# Crate



## Emily+Harry (Mar 31, 2012)

My 11 month old is really good in her crate and never has an accident - but sometimes she will cry at night if she has heard us moving upstairs - last night she was crying and I ignored her as I just thought she was trying it on but I have come down this morning and she had pooed everywhere all over her crate  I feel so bad but she has never done this  xxx


----------



## JasperBlack (Sep 1, 2012)

Jasper is exactly the same! I sneak about if I wake up in the night uncase i wake him, usually if he does wake I let him out and he does something and goes back to bed. I ignored the crying once to when he was little and it's the only time he's poo'd in his crate! I always get up now. I felt bad too  x


Sent from my iPhone using Tapatalk


----------



## Toffin (Aug 8, 2012)

We creep about too! Especially in the morning. The shower is directly above the room where her crate is and I dread her waking when I turn it on, then there's the hairdryer which seems to be so noisy when you're trying to be quiet and then we creep downstairs trying to avoid the creaky board on the third stair...

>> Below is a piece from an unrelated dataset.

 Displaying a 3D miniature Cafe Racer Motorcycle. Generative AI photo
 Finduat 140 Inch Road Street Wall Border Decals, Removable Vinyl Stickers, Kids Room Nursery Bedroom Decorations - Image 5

But it's always to no avail - as soon as I turn on the lamp downstairs she stirs (or maybe she's been lying there awake just waiting?) and I hear her tail wagging in anticipation (aahhh...).

re pooing in her crate, the only time she did it after the first week (when it was on a puppy pad) was when she had a tummy upset but she didn't make any noise that we were aware of. She did go through a couple of days of waking at 5am and I'd always go to let her out without eye contact or speaking, then pop her back in the crate. Better that than a poo-ey 'poo and crate!

Toffin
x


----------



## Chumphreys (Oct 1, 2011)

I can't really help as we have never used a crate,but have you tried her out of the crate at all? Maybe she is trying to tell you that she is ready to be trusted )
XClare


----------



## tessybear (May 1, 2011)

I agree perhaps she doesn't need her crate any more. I only used a crate until they were house trained.


----------



## lady amanda (Nov 26, 2010)

Emily+Harry said:


> My 11 month old is really good in her crate and never has an accident - but sometimes she will cry at night if she has heard us moving upstairs - last night she was crying and I ignored her as I just thought she was trying it on but I have come down this morning and she had pooed everywhere all over her crate  I feel so bad but she has never done this  xxx


is she house trained in all other ways, I would say perhaps she just had an upset tummy and needed to go, she was telling you she needed to, but there is no way you could have known. I am sure it is just because she was feeling off....don't be hard on yourself.


----------



## Emily+Harry (Mar 31, 2012)

I wanted to know when she would be ready to lose the crate ... She is house trained in the house apart from her two accidents at my dads house but that was a new place I guess  how do I take it away?? Just all of a sudden ? Xx


----------



## Von (Nov 1, 2012)

You could try just leaving the door open and see what the dog does. Both our dogs love their crates, and use them to chill out frequently, the doors are not closed on them, in fact we removed Jenna's door altogether as we kept bumping in to it!


----------



## Emily+Harry (Mar 31, 2012)

Ok I might try her tonight with door open - how will I know tomorrow if she is ready x


----------



## Von (Nov 1, 2012)

If she doesn't bother going in to her crate during the day, she might cope without it at night if you put her bed where her crate was.

Jenna and Meadow regard their crates as a den, so we just have to live with them! A throw draped over each of the crates makes them a bit more presentable, and Jenna's crate has a flat piece of wood on top so that we can use it as a surface to leave things on.


----------



## tessybear (May 1, 2011)

I just left the crate door open so they could choose to go in or out as they pleased. They preferred to stay out of it and to be frank I was glad to get it out of my house as it took up so much room.


----------